In early 1816 after Alvear and Rondeau had successively become Supreme Directors, a General Congress of the provinces was called to meet, in March, at Tucuman to formally declare the independence of the provinces and to organize a government. The provinces heeded the call with the exception of Santa Fe, Entre Rios, Corrientes, and the Banda Oriental, still under domination of Artigas. On July 9, 1816, the formal separation of the United Provinces of the River Plate was decreed by the Congress, and Pueyrredon was elected Supreme Director. Artigas still held aloof, but with Uruguay and Paraguay protected by local patriots, General San Martin began plans to drive the Spanish forces out of Chile and Peru as being the best means of insuring and safeguarding independence.
Pueyrredon following the plan of Posadas and others continued the effort to establish a monarchy, as the best solution of a difficult problem, but jealousies in Europe thwarted all attempts in this direction.

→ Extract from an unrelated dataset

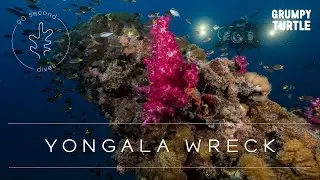 90 Second Dives: S.S. Yongala Wreck Dive, Queensland, Australia | Grumpy Turtle Creative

Meanwhile General San Martin and his army had crossed the Andes into what is now Chile and with the aid of the Chilean patriots was advancing against the Spanish. On February 12, 1817, he defeated the Spanish at the Battle of Chacabuco which gained entrance of his army into Santiago. On April 5, 1818, he won a brilliant victory at the Battle of Maipo which insured the independence of Chile and safeguarded that of the provinces of the River Plate. San Martin then pushed northward into Peru, embarking at Valparaiso on August 20, 1820, and landing on September 8 at Pisco under Chilean naval protection organized by Lord Cochrane. On July 10, 1821, San Martin led his victorious troops into Lima which for almost three centuries had been the stronghold of Spanish authority in South America. The independence of Peru was declared July 28, 1821, and San Martin established a government with himself as Protector of Peru.

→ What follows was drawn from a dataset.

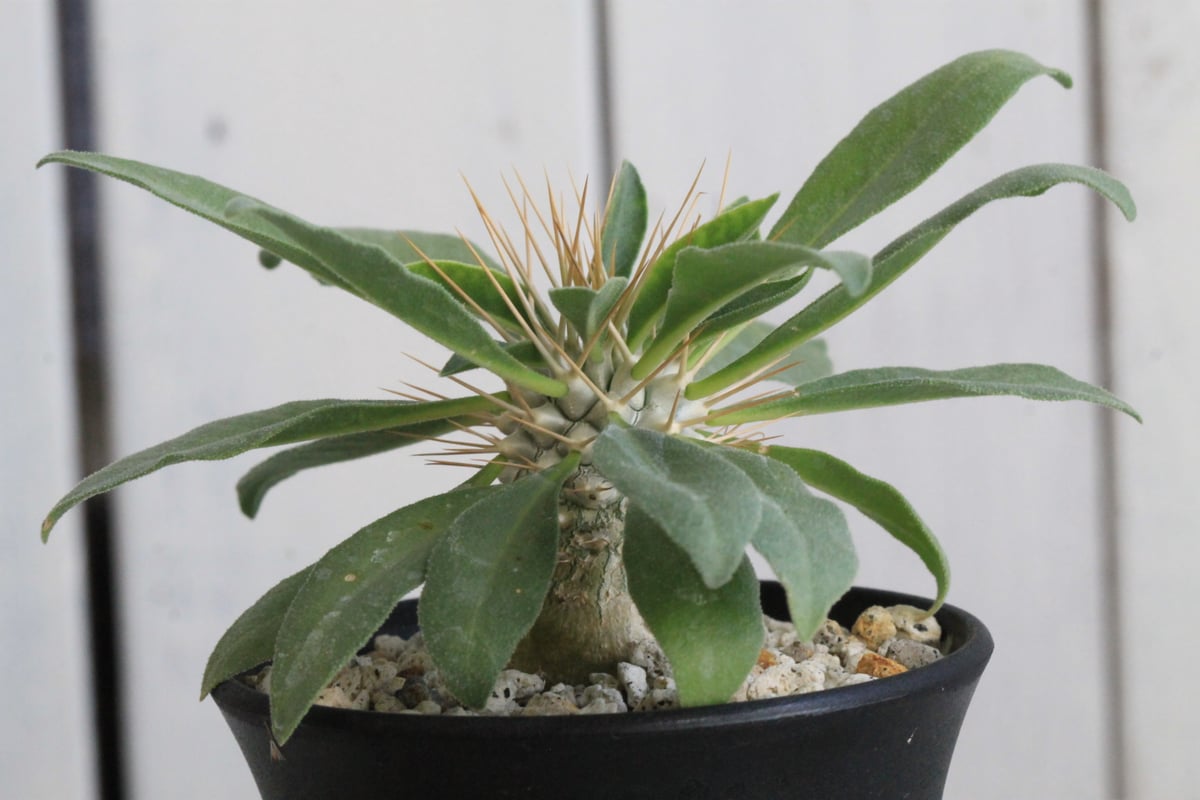 パキポディウム ナマクアナム 光堂（実生）① | hanayoshi-botanical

While San Martin was thus active in the liberation of the provinces of the South and of Peru, Bolivar had been struggling in Colombia and Venezuela against the Spanish in behalf of the Federation of Venezuela, Colombia, and Quito. After defeating the Spaniards, August 7, 1819, at the Battle of Boyaca in Colombia and at the Second Battle of Carabobo, June 24, 1821, in Venezuela, Bolivar determined to effect the liberation of Quito (Ecuador) and Peru. On April 7, 1822, he won a victory at Bombona which was followed on May 24, 1822, by the great victory of his subordinate, General Sucre, at the Battle of Pichincha. These achievements freed Quito (Ecuador). Bolivar then learned of the presence of San Martin at Lima and he went to Guayaquil.
San Martin’s forces were not sufficient to complete the subjugation of the Spaniards and he endeavored to secure aid from Bolivar in his activities in Peru. A meeting between the two leaders took place at Guayaquil, Ecuador, on July 26, 1822. While the details of what occurred at this meeting are unknown and still a mystery to history, the result was that San Martin returned to Lima without any assistance being promised or given by Bolivar. San Martin then resigned as Protecter of Peru and after establishing a government under a Junta, he returned to Buenos Aires and sailed for Europe. Some of his force under Alvarado continued operations in Peru but while returning home they were defeated by the Spanish under Canterac on January 19, 1823, at Torata and on the 21st at Moquegua.
When Riva Aguero came into power in Peru in February, 1823, Bolivar sent reinforcements, and himself entered Lima in September of that year.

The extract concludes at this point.